* Task directions: Go to the line below that has "Ojaga Design Yahoo", print it and each line after it exactly, and stop after the line that has "#Video | Comuneros"; leave out pictures.

* The data:
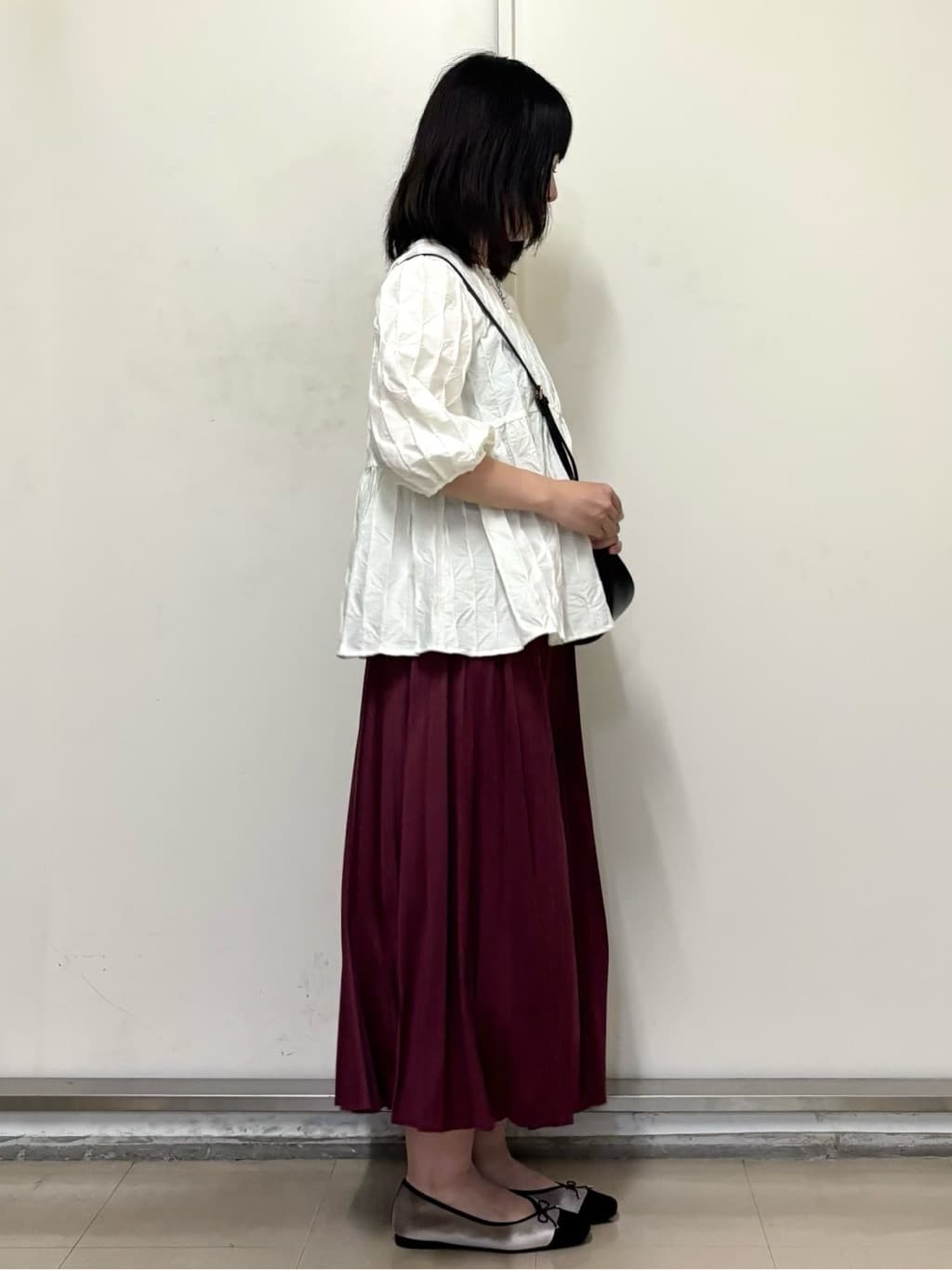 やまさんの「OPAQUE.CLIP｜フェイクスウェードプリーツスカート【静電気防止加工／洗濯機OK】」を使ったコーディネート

==

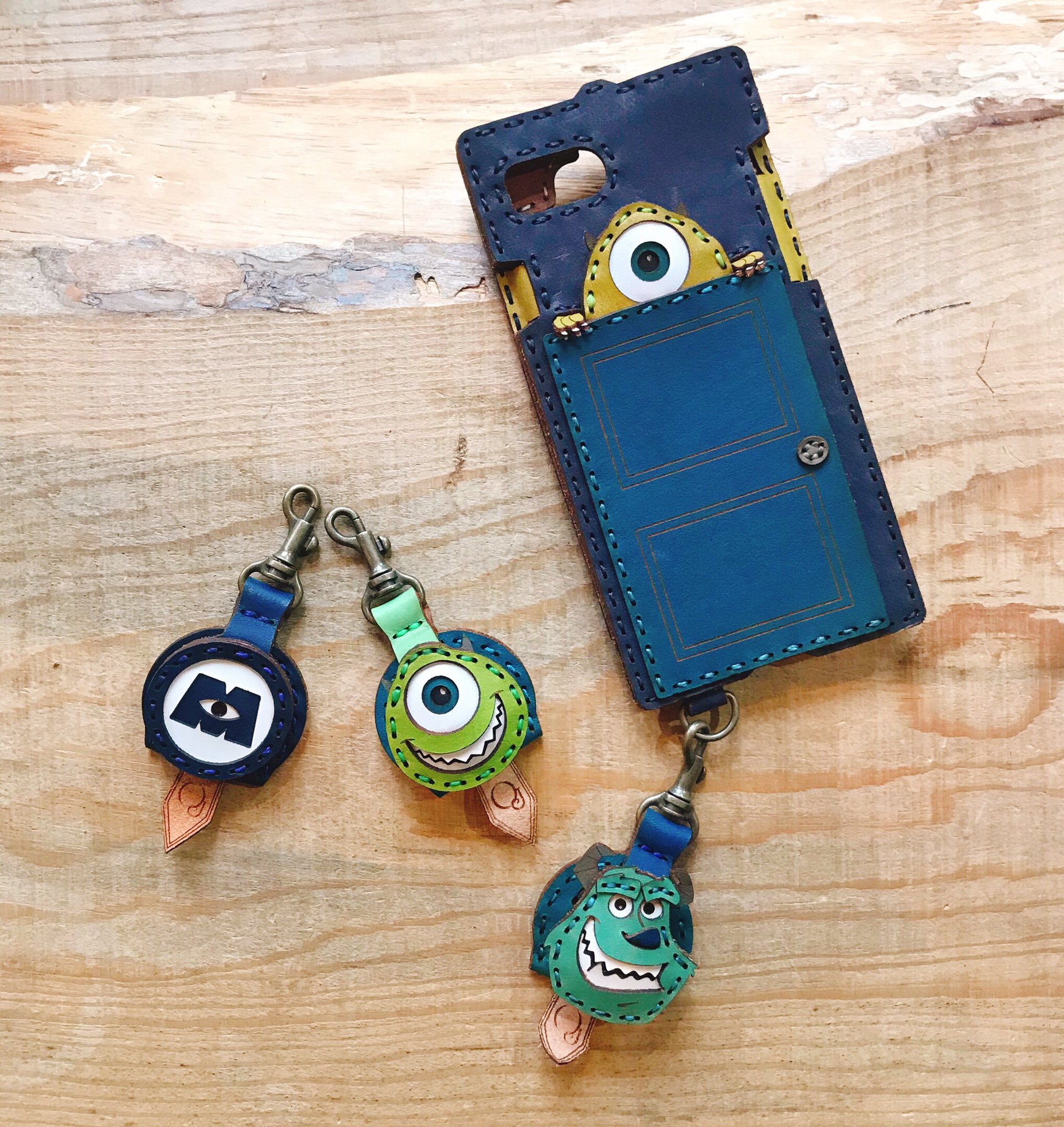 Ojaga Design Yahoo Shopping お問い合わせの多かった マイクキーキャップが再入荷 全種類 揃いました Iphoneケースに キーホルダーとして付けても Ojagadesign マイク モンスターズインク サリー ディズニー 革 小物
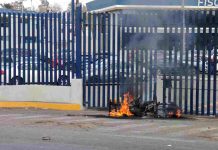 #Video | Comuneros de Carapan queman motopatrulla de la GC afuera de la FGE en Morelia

* Response to this exercise:
 Ojaga Design Yahoo Shopping お問い合わせの多かった マイクキーキャップが再入荷 全種類 揃いました Iphoneケースに キーホルダーとして付けても Ojagadesign マイク モンスターズインク サリー ディズニー 革 小物
 #Video | Comuneros de Carapan queman motopatrulla de la GC afuera de la FGE en Morelia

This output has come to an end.